In the context of the specific architecture being presented here on these pages, it may be noted that the vector mode and the short page mode of operation provide memory-to-memory vector operations only, and the modes which provide access to the internal long vector registers also include memory-to-memory vector operations. Circuitry to detect the presence of an appropriate external coprocessor, and to permit the delegation of these operations to that coprocessor, can be added to the design without in any way altering the instructions themselves. However, if an external vector coprocessor were present, it would be useful to have available vector instructions which had a length field which was 16 or even 32 bits in length, instead of only six bits in length, so that a single instruction could cause a long vector to be processed concurrently with normal machine operations. Of course, the external vector coprocessing units would be pipelined, as this is an inexpensive method of permitting them to perform a larger number of operations in a given time.

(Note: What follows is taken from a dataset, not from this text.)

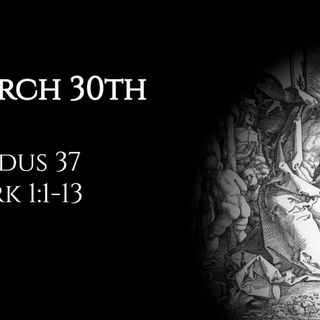 March 30th: Exodus 37 & Mark 1:1-13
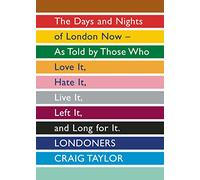 Londoners: The Days and Nights of London Now as Told by Those Who Love it, Hate it, Live it, Left it, and Long for it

Since the external vector coprocessing system would be connected directly to main memory, it always treats memory as divided into 32-bit words of the normal size, ignoring any use of 36-bit, 24-bit, 40-bit or 60-bit words by the central processor, and it also does not handle floating-point numbers of the Medium type, but instead provides support for floating-point numbers of the Small type, just as is done by the Short Vector arithmetic unit.
The following illustration depicts the architecture for external vector coprocessing that is envisaged as being associated with the processor architecture described here, as will be discussed below:

Because the external vector coprocessing system could consist of a multiplicity of functional units, such as, for example, a set of sixteen identical chips, and since it works with operands in memory rather than the cache, it would have a wide path to memory. This suggests the possibility of a design in which the external vector coprocessing chips also perform a memory interface function; thus, while the main microprocessor could have, as given as an example, a 256 bit wide data bus, each of sixteen vector coprocessing units could have a data bus to memory of similar width, as well as being connected to the processor data bus, which could then operate at a higher speed than that of the memory.

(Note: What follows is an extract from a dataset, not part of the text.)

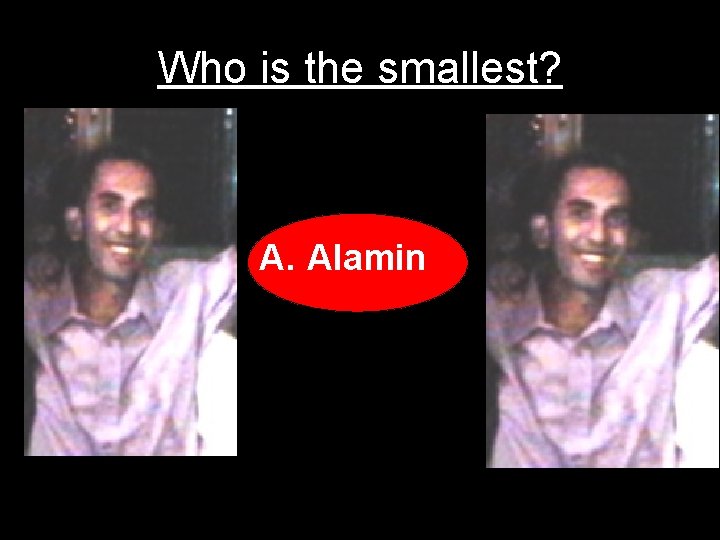 Who is the smallest? A. Alamin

This also indicates that the individual chips in that system, having a fixed-width path to memory, would likely work on a principle similar to that of the ALU used for the short vector instructions.
Also, while an elaborate bus structure was shown on this page for allowing, in two steps, vector operands beginning at any arbitrary position to be brought into alignment, for the case of an elaborate implementation of the architecture having a set of 64 ALUs within the chip itself, for the external system, such a capability is unlikely. Instead, if the external system consists of a row of chips, each one coupled to a bank of memory, likely each chip would simply be connected to its two immediately adjacent neighbors. This, of course, would mean that vectors not fully aligned, in terms of the width of the entire assembly of external coprocessor chips, would involve a significant performance penalty, although even that penalty would not outweigh the benefit of avoiding the limited-width data path to the CPU itself.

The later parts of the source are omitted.